Figlio di un falegname, dapprima ne apprese il mestiere, successivamente studiò disegno e geometria presso l'abate Giovan Maria Selva, zio del più noto architetto Giannantonio, per passare poi al praticantato presso Giorgio Massari[1].
Rimase comunque poco colto e poco stimato, legato fortemente com'era alle esperienze tardo barocche vissute dal Massari, senza saperle sviluppare. Una chiara conferma è nella lettera di Tommaso Temanza al prediletto allievo Selva: «L'ignorante fortunato Maccaruzzi disse un giorno a proposito di voi: Non importa che l'architetto studi, basta solo che abbia coraggio, e voleva dire che sia temerario come egli è»[2].
Risulta piuttosto privo di concezioni personali nella riedificazione di San Giovanni Evangelista e di San Leonardo a Venezia ed anche scialba fu la sua interpretazione dei disegni del Massari per la rinnovata facciata della Scuola grande della Carità[3]. Lo stesso per quanto riguarda il Duomo di Mestre, dove sicuramente Maccaruzzi fu incaricato della progettazione del nuovo edificio ma, se la pianta e l'impostazione delle cappelle corrispondono ai suoi progetti, l'esecuzione finale, completata sette anni dopo la morte dell'architetto, vede un considerevole innalzamento della navata e una realizzazione più di gusto neoclassico nella facciata nettamente diverso dalla concezione barocca del primo progetto. Non è chiaro a chi siano dovute le modifiche ma sono documentate le numerose controversie sui disegni di questo progetto[4].
Quando invece affronta un'opera come l'elevazione della nuova facciata di San Rocco, inspiegabilmente affidatogli quando Giorgio Fossati aveva iniziato i suoi lavori, si lascia andare ad un sovraccarico ingiustificato di ornamentazioni anche cercando di citare il decoro cinquecentesco della Scuola grande[5].
Sicuramente fu più brillante nell'arredo degli interni e nelle costruzioni effimere da parata dove asseconda il gusto dei privati poco inclini al nuovo classicismo. È il caso della sala dei banchetti di Palazzo Ducale o del Teatro del Ridotto, accompagnati dai delicati stucchi di gusto pompeiano eseguiti da Francesco Re, o anche dello scalone interno della Scuola della Carità[5]. Il suo apparato temporaneo per la Fiera della Sensa in Piazza San Marco, evidente esempio della sua originaria conoscenza della lavorazione del legno, è stato reso memorabile nella veduta di Francesco Guardi[6].
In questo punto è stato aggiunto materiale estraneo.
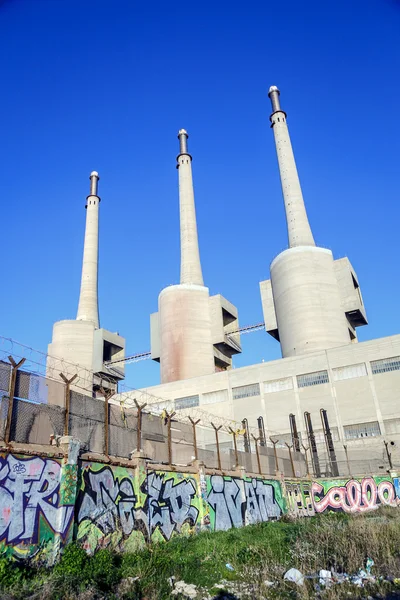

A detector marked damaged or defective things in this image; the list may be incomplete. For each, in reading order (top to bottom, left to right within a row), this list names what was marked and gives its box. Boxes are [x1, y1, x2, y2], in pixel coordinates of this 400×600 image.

rusty metal post [4, 354, 25, 442]
rusty metal post [59, 372, 77, 434]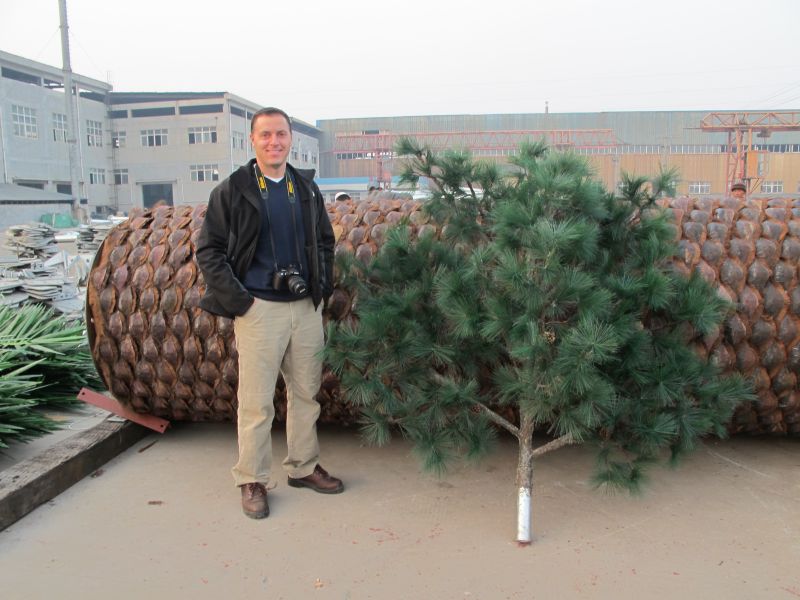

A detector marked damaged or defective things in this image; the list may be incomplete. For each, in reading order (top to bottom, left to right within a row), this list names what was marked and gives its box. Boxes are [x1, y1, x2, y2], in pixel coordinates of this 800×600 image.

rusty metal cylinder [86, 199, 800, 434]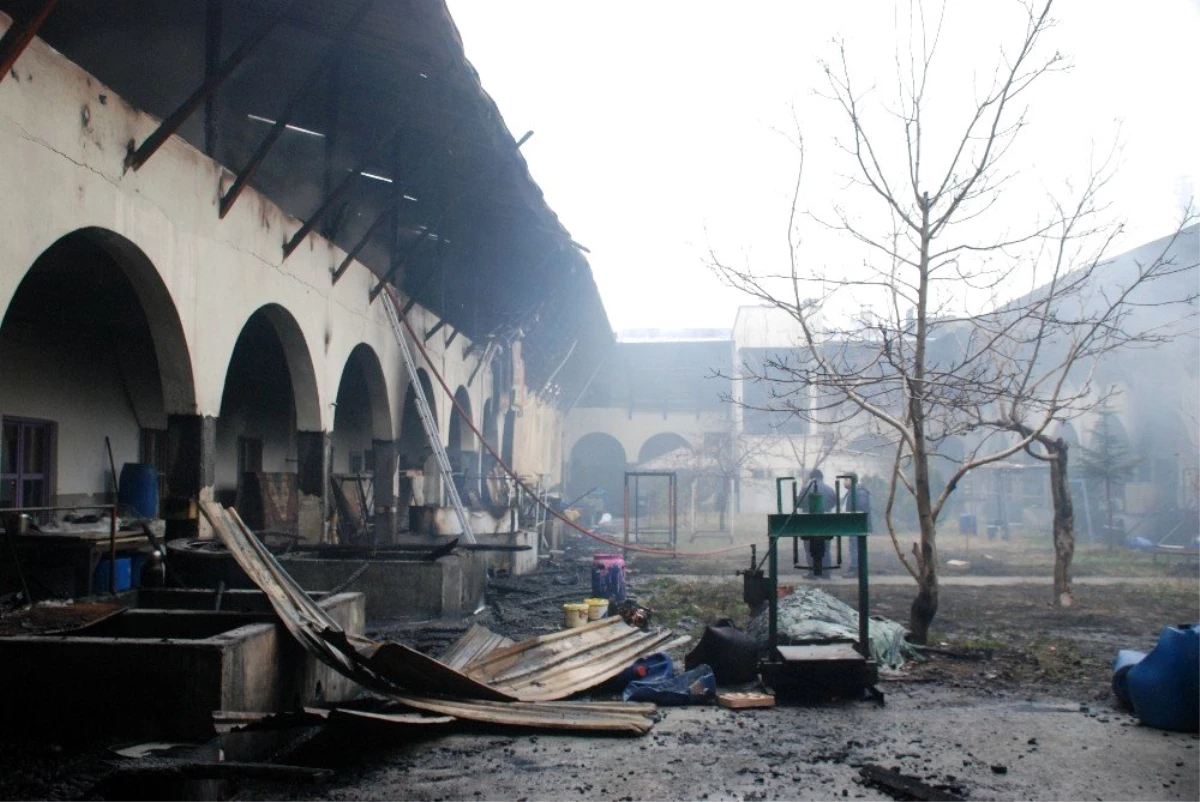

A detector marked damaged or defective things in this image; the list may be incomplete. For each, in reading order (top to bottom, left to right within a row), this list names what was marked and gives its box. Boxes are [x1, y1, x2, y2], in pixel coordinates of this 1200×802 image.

Certamente nel suo avventurismo godeva di notevoli appoggi che gli permisero di accumulare notevoli ricchezze, tanto da possedere una villa a Galliera e un palazzetto di tre piani a Santa Maria Formosa agevolmente abitabile separatamente e indipendentemente dai tre figli maschi e tanto dovere investire parte del suo capitale nel commercio di marmi gestito fedelmente da Gregorio Morlaiter. Gli appoggi di cui godeva lo portarono anche ad essere nominato nell'Accademia veneziana prima come «accademico d'onore» e poi come «accademico effettivo», titolo riservato a veramente pochi architetti[5].